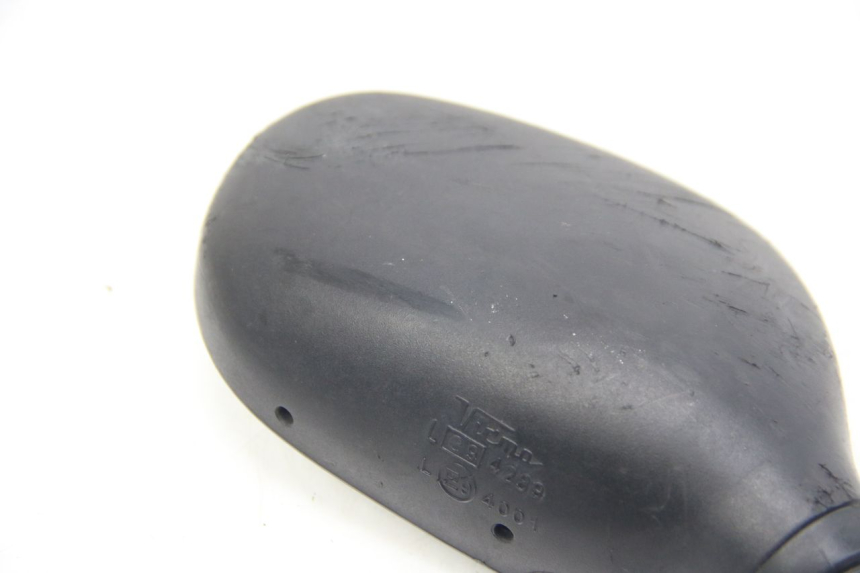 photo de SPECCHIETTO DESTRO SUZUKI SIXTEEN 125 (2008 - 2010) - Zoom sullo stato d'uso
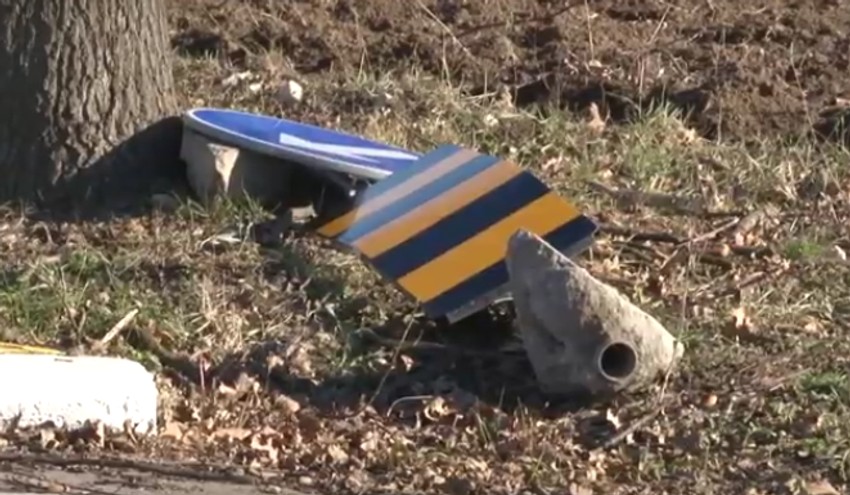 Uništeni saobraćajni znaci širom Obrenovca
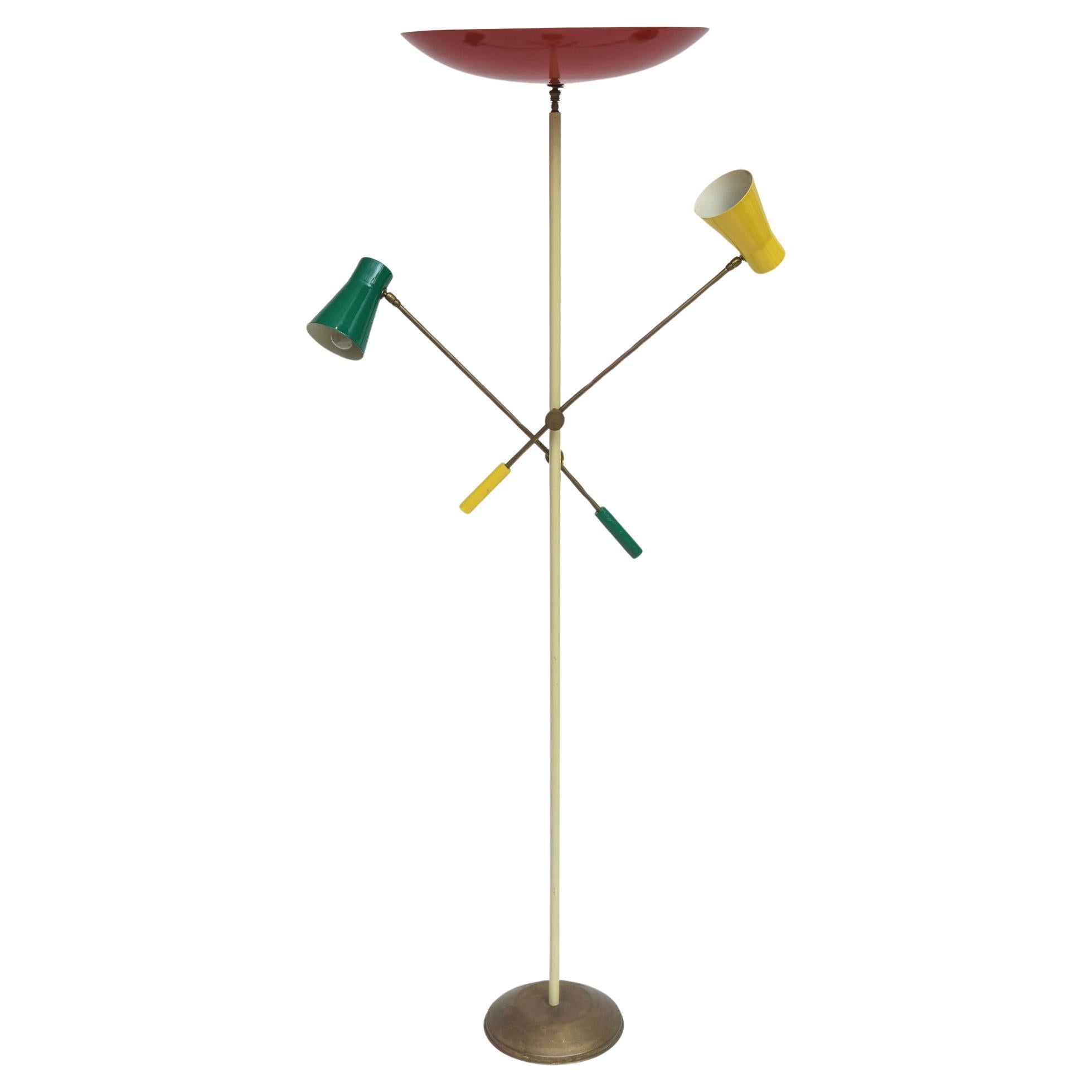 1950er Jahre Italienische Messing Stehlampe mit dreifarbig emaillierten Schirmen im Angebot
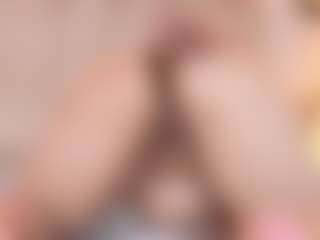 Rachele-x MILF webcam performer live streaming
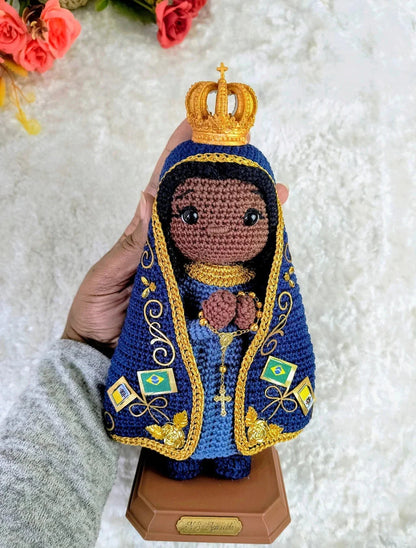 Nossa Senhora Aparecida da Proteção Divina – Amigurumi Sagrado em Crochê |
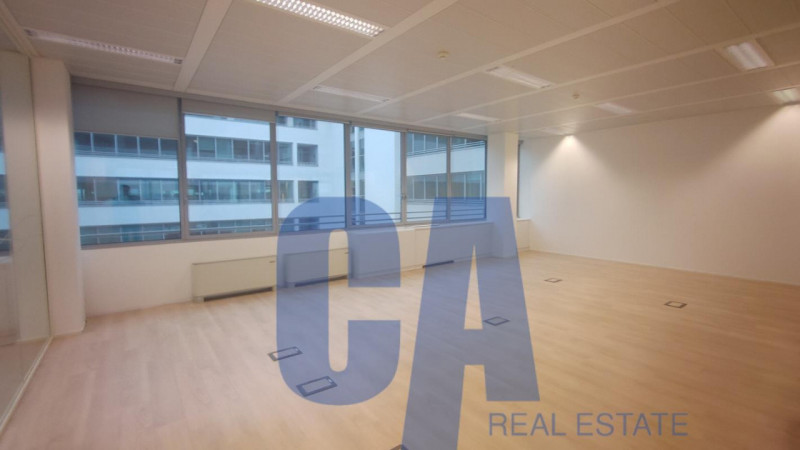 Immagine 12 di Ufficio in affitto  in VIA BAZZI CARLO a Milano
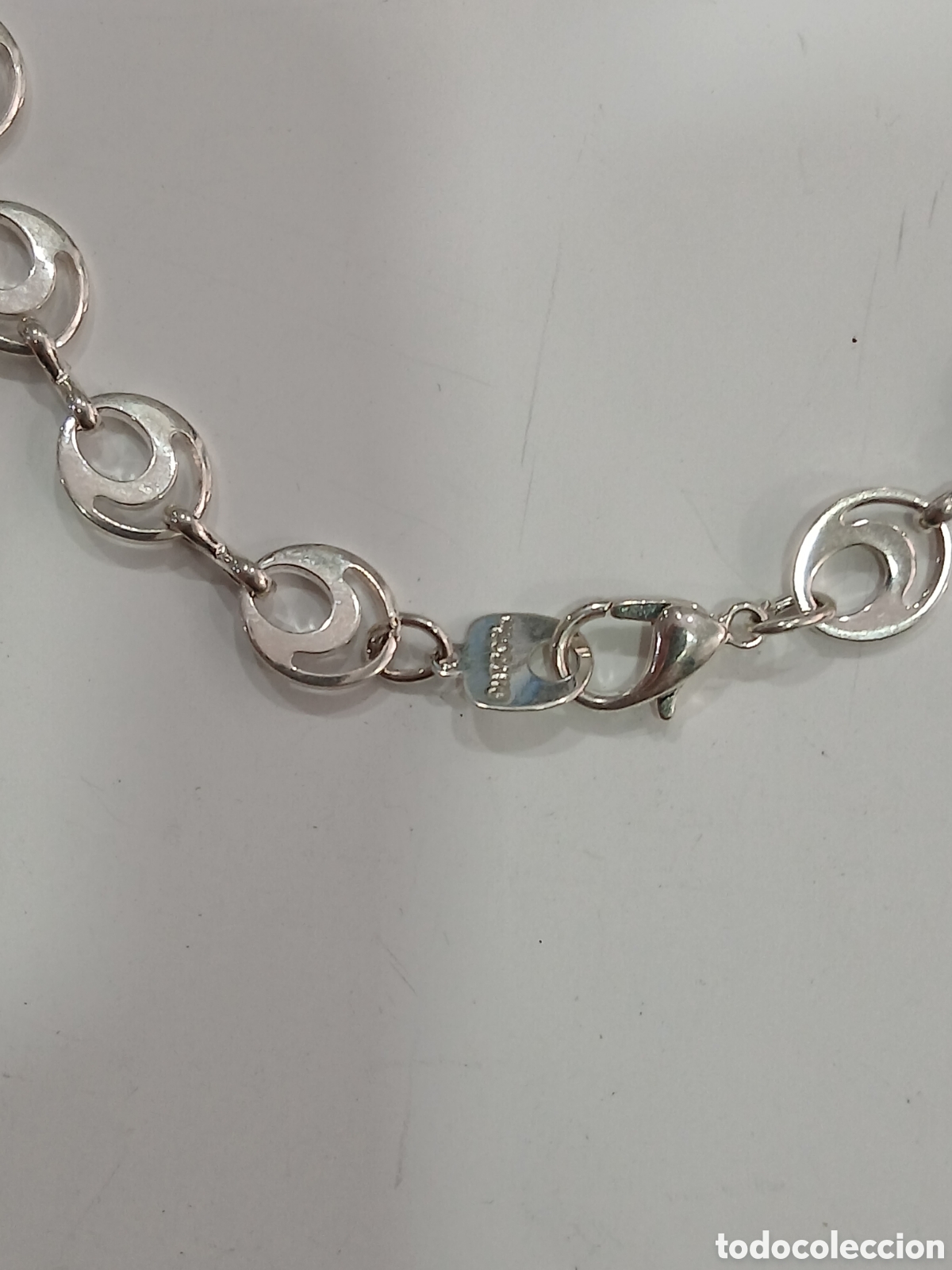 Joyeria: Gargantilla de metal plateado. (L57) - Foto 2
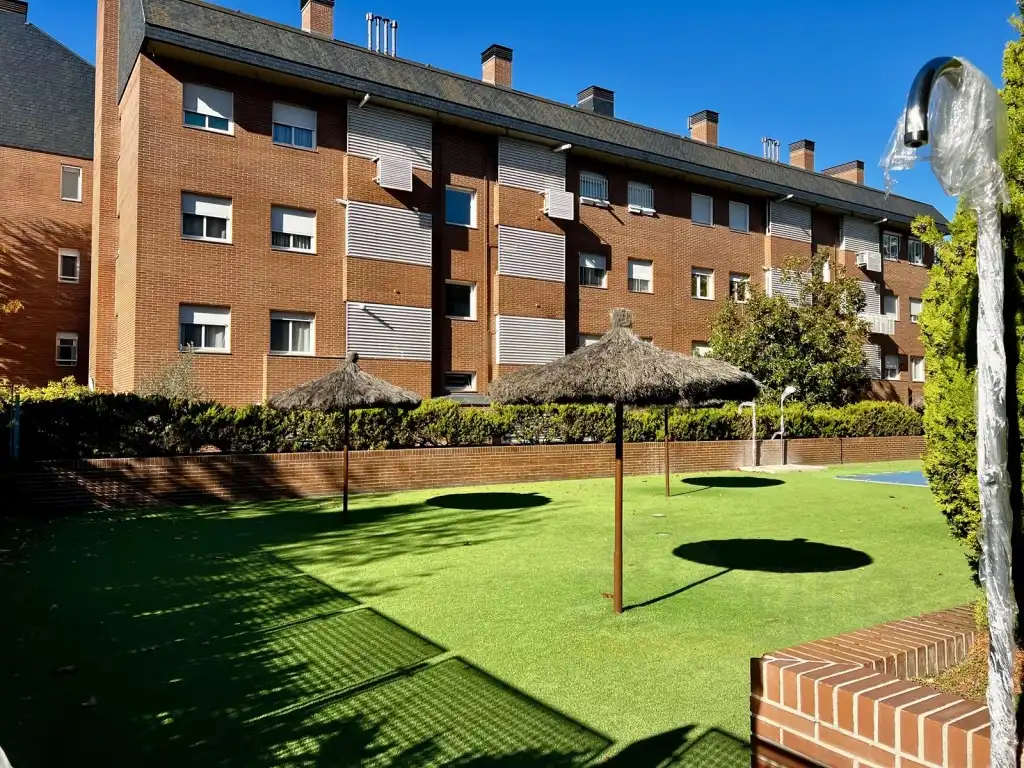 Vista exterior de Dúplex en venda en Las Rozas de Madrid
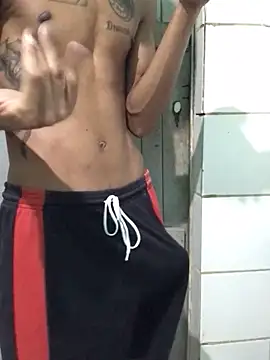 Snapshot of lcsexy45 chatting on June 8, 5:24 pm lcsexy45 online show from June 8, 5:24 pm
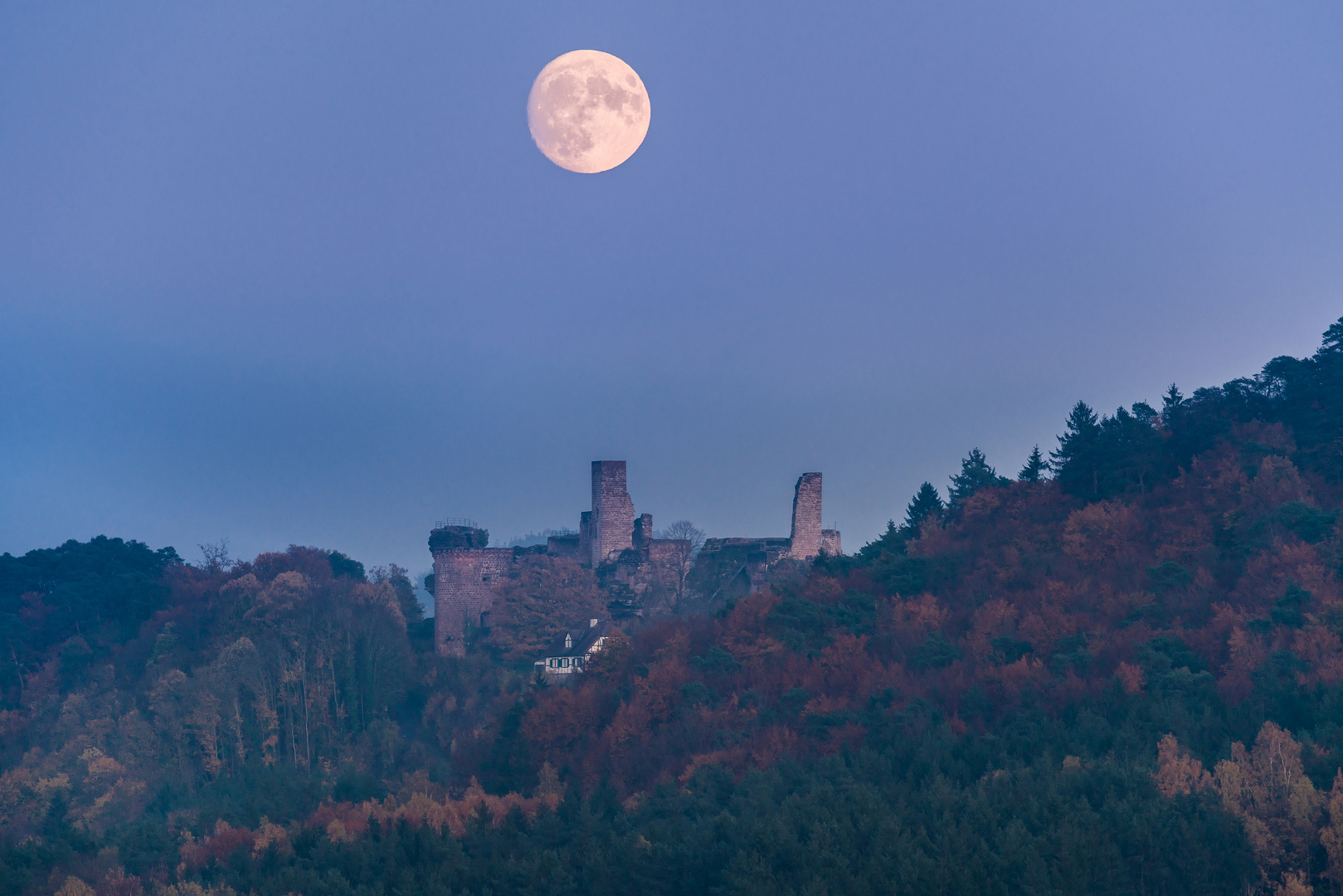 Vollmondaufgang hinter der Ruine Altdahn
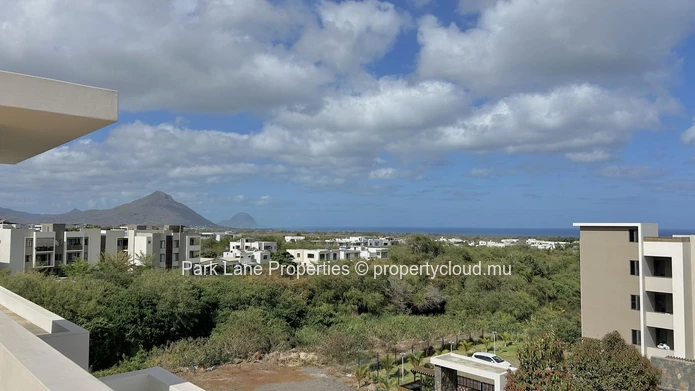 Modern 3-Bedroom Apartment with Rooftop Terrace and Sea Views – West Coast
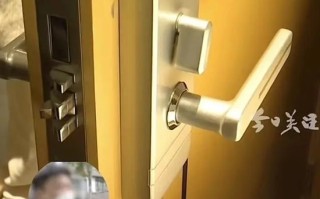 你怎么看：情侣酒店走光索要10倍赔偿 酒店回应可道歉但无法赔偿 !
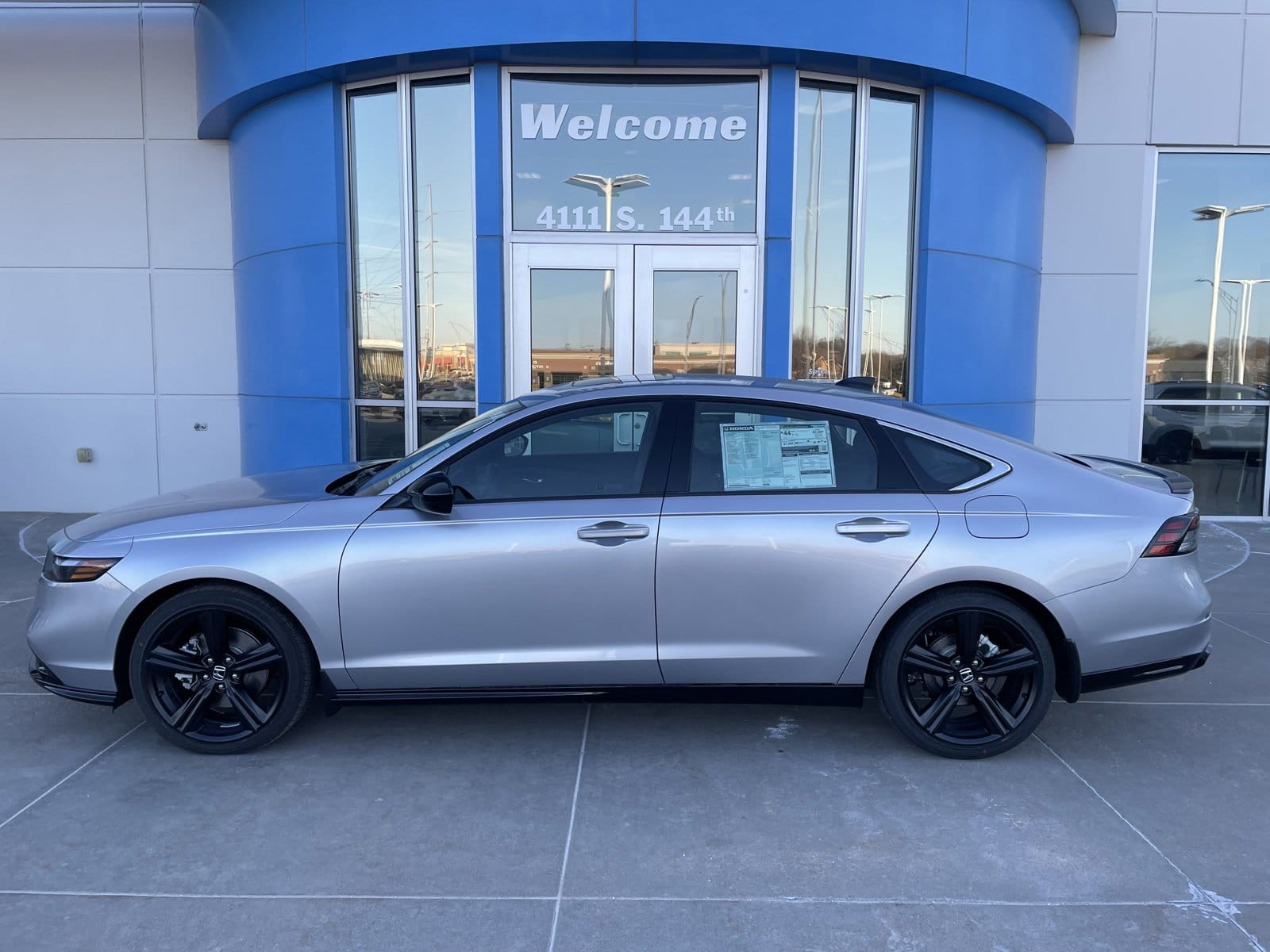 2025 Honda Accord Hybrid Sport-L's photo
================================
▸ To do
Give again, word for word, every line from the top of the data through the line with "Rachele-x MILF webcam", both ends included, and exclude the pictures.

▸ Response for this exercise
 photo de SPECCHIETTO DESTRO SUZUKI SIXTEEN 125 (2008 - 2010) - Zoom sullo stato d'uso
 Uništeni saobraćajni znaci širom Obrenovca
 1950er Jahre Italienische Messing Stehlampe mit dreifarbig emaillierten Schirmen im Angebot
 Rachele-x MILF webcam performer live streaming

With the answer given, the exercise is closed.